Osoby, które doświadczyły „wpadki” w trakcie terapii, charakteryzowały się wyższym nasileniem depresji i lęku, stresu pourazowego, głodu alkoholu oraz tendencji samobójczych. Miały większe w czasie pandemii trudności w domu i bliskich relacjach oraz odczuwały bardziej nasilony niepokój dotyczący rozprzestrzeniania się pandemii. Najsilniejsze efekty (umiarkowane) odnosiły się do poziomu depresji, głodu oraz trudności w domu i relacjach. Na uwagę zasługuje natomiast wynik wskazujący, że „wpadki” miały miejsce częściej w grupie osób, które raportowały zmniejszenie dostępności terapii, w porównaniu z tymi, którzy tego nie zgłaszali (χ2 = 5,33, df = 1, p = 0,02). Występowanie „wpadek” nie było natomiast zależne od płci (χ2 = 3,17, df = 1, p = 0,07), uczestnictwa w trakcie leczenia w mitingach AA (χ2 = 0,07, df = 1, p = 0,93) oraz przebytego zakażenia koronawirusem (χ2 = 0,61, df = 2, p = 0,72). Porównanie osób doświadczających i niedoświadczających „wpadek” nie wykazało również statystycznie istotnych różnic w ocenie przymierza terapeutycznego.

■ OMÓWIENIE

Celem prezentowanych badań było określenie związków między doświadczeniami osobistymi oraz związanymi z terapią a funkcjonowaniem psychicznym osób uzależnionych od alkoholu, leczących się w okresie pandemii. Badania te wykazały szereg interesujących zależności. W odniesieniu do doświadczeń osobistych wykazano istotnie gorszy poziom zdrowia psychicznego (depresja, lęk, dysregulacja „ja” wchodząca w skład skali badającej stres pourazowy, tendencje samobójcze) pacjentów, którzy przebyli zakażenie COVID-19, w porównaniu z tymi, którzy tego zakażenia nie przebyli. Ten wynik koresponduje z rezultatami obszernej metaanalizy badań dotyczących funkcjonowania psychicznego osób, które przebyły zakażenie – wykazano u nich w okresie pochorobowym (także w długim odcinku czasowym) wysoki poziom stresu pourazowego, depresji, zaburzeń lękowych i zmęczenia [31]. W badaniach przytaczanych we wstępie do niniejszego artykułu twierdzono, że wśród grup zagrożonych wystąpieniem zaburzeń psychicznych znajdują się m.in. ozdrowieńcy i rodziny osób zmarłych na COVID-19 [2–7]. W naszym badaniu osoby, którym w następstwie zakażenia koronawirusem zmarł ktoś bliski, wykazywały wyższy poziom tendencji samobójczych. W związku z tym postulujemy, aby zwracać szczególną uwagę na osoby uzależnione, które przebyły chorobę koronawirusową, oraz na te, którym w następstwie tej choroby zmarł ktoś bliski. Wydaje się, że pytania o ten obszar problemowy winny być włączone do wywiadu z pacjentem rozpoczynającym leczenie.
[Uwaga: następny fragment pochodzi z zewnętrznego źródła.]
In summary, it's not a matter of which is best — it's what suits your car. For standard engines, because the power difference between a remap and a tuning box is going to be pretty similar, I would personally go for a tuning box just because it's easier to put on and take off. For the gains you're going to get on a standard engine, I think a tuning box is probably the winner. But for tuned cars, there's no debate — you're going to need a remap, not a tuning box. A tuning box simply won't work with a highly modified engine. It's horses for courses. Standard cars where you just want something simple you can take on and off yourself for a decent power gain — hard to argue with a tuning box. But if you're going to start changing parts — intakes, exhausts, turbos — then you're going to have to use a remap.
Na uwagę w trakcie terapii zasługują również osoby, które w ostatnim okresie utraciły pracę (np. w następstwie pandemii). W prezentowanym badaniu takie osoby przejawiały istotnie wyższy poziom stresu pourazowego, mniejsze zadowolenie z życia oraz wyższy poziom tendencji samobójczych. Związek tendencji samobójczych u osób uzależnionych z kryzysem gospodarczym i utratą pracy został wykazany niezależnie od pandemii [m.in. 13, 32]. Stwierdzono również, że kończące terapię w okresie pandemii uzależnione kobiety odczuwają, w porównaniu z mężczyznami, znacznie więcej trudności z nią związanych i bardziej boją się jej rozprzestrzenienia. Większe obciążenie kobiet następstwami pandemii potwierdzono zarówno w przytaczanych już badaniach [2–7], jak i w metaanalizie badań pochodzących z różnych krajów i kontynentów [33].
W badanej grupie zaobserwowano występowanie szeregu istotnych statystycznie (choć słabych) zależności między odczuwanymi trudnościami okresu pandemii a objawami psychopatologicznymi. Najsilniejsze związki występowały między wspominanymi objawami a trudnościami w domu i relacjach (np. poczucie, że „działamy sobie na nerwy”, kłócenie się, brak możliwości pobycia w samotności, zwiększona liczba codziennych obowiązków). Warto zauważyć, że w polskich badaniach dotyczących predyktorów lęku uogólnionego i objawów depresyjnych u osób w różnym wieku w okresie pandemii również stwierdzono najbardziej istotną rolę tych właśnie trudności [14].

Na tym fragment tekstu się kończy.